Hundreds of Palestinian Christians showed their opposition to the Greek Orthodox Church's controversial sale of Holy Land property by blocking and attacking the car of Patriarch Theophilos III during his visit to Bethlehem on Jan. 6.
The Greek Orthodox Patriarch was in the occupied West Bank on Saturday to attend an Orthodox Christmas mass in Bethlehem. However, he encountered hundreds of Palestinian Christians who blocked his convoy and pounded the vehicles with stones and their fists, smashing the windows of three cars, but not the one the Patriarch was in, Reuters detailed.
Some of the protesters chanted "traitor, traitor" while pummeling the cars in the convoy. Fortunately, Palestinian security forces arrived to push them away.
"What happened today is a message to the Palestinian Authority and to Jordan that we will not allow this traitor to stay in the Church," said Elyeef Sayegh, one of the protesters.
The demonstrators were speaking out against the church's decision to sell prime property in the Holy Land to Jewish and Israeli investors. The church explained that the sale was necessary so that it could pay its debt which had amassed in the past few years, but some Palestinians considered the move as an act of treason.

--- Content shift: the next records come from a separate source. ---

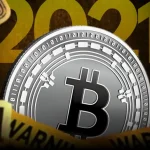 Bybit Bets on Bolivia With Zero-Fee BOB Access and Trading Rewards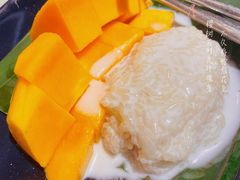 -PHO爺·越南料理(亦庄大族广场店)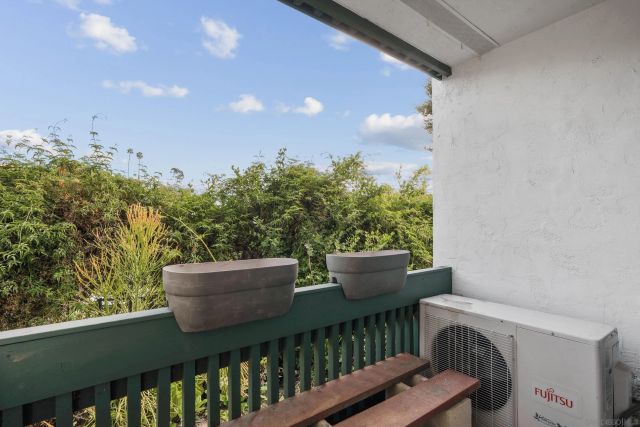 4060 Huerfano Avenue 130, San Diego, CA 92117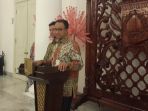 anies-baswedan_20180628_132407.jpg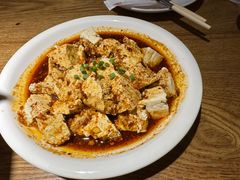 -福茂源横山铁锅羊肉(牡丹园店)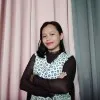 Lizel Bangayan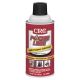 CRC Power Lube Mutli Purpose Lubricant 12oz Aerosol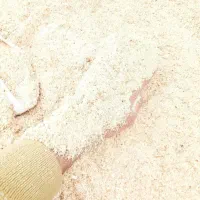 خاک اره صنوبر درجه یک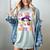 Teaching My Boos Teacher Ghost Teach Halloween Teacher Women's Comfort Colors T-Shirt Bay Teaching My Boos Teacher Ghost Teach Halloween Teacher Women's Comfort Colors T-Shirt Bay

In November, the Orthodox Central Council in Jordan and Palestine spurned the church's reasons for the land deal. For the council, "all lands throughout the Patriarchate in Jordan and historic Palestine are one unit and all of them constitute an endowment which is not entitled to any disposition," the Middle East Monitor reported.
In addition, the Orthodox Council said all the deals that were put in place were invalid because it caused Christians to be displaced from Jerusalem. It also pointed out that this was the result that Zionists wanted to arrive at and called on Christians to support its demand for the upholding of the Orthodox Arabs' historic rights.